A decade is a long time

A decade is a long time.

For many, it's a generation.

For my current students, it's a lifetime.

For me, it's a career.

For those who lost their loved ones in the 9-11 attacks, it is 3,650 days filled with painful memories and mourning.

But it's also a very short time.

It passes in the blink of an eye, leaving a changed world in its path.

We all remember where we were and what we were doing on this day ten years ago. I was just beginning my teaching career in a small middle school in Marathon, NY. I learned of the events during my 2nd period class from am 8th grade student. This year, ten years later, my students weren't even a year old when it happened. They have only heard about the events through TV and family stories; they have no working memory of that beautiful blue sky September morning when America was savagely attacked on her own native soil. We were all going about our daily business -- teaching, learning, working, driving -- until we became transfixed on our TVs as we watched the horror unfold before our eyes.
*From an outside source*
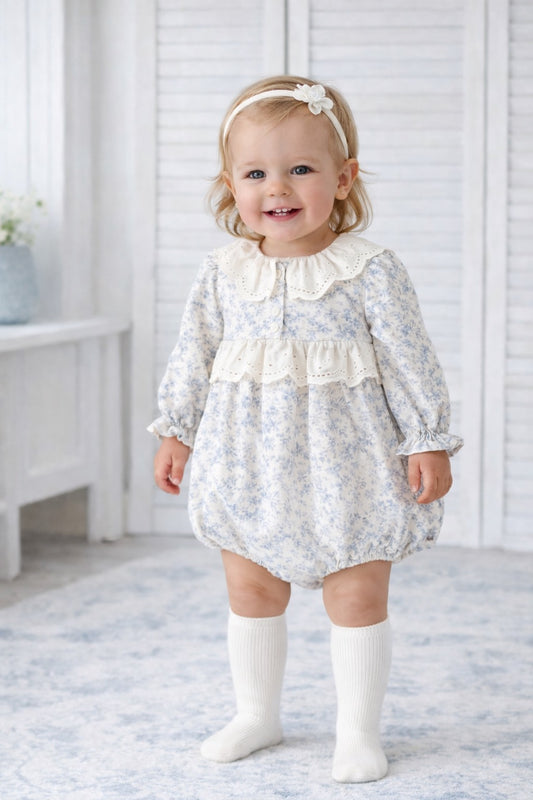 Girl Romper Vintage Floral Lace Outfit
Unfortunately, that horror continued to unfold over and over and over again. The videos and photos seemed to play in a loop that lasted for days. Eventually that loop slowed and only reappeared on significant anniversaries and events. For those who witnessed the events first-hand or through film, the images are burned forever into our memories. There is no erasing those images from our brains. And, because of this, there is no need to continually show the tragic and heartbreaking images from those days.

As this solemn anniversary approached, I made a conscious decision to NOT watch any 9-11 programming today. The use of such devastating footage serves two purposes: to reopen the scars of those still here and to keep all of us riled up and angry about what happened. It's impossible to heal and move forward when the focus is the horror of the events.

Healing doesn't mean forgetting. Remembering is essential so that we can grow and learn and and honor those who are innocent victims and unsung heroes who were caught in a political crossfire. But remembering doesn't require graphic imagery. It's time to move forward. The world is a different place now than it was 10 years ago. And it's not necessarily a better place or a safer place. An entire generation of young people have only ever known a world in which a war on terror is being fought. Osama bin Laden has always been Enemy #1. Political campaigns have always included questions of just how American each candidate is. Airports have always been invasively "secure," increasingly more and more over the years. And it's always been acceptable to hate, especially if those you hate are of Arabic heritage. Is this what we want for our children? Is this the only world we want them to know?

Those we loved and lost will never be forgotten. But we dishonor their memory by using their tragic fate to fuel hatred and beget violence. My prayers and thoughts go out to each and every person affected by these events -- no matter how directly or indirectly -- and I pray that we, as a nation, learn to move forward and create a world in which our children know peace, love, and safety without the use of guns and fear.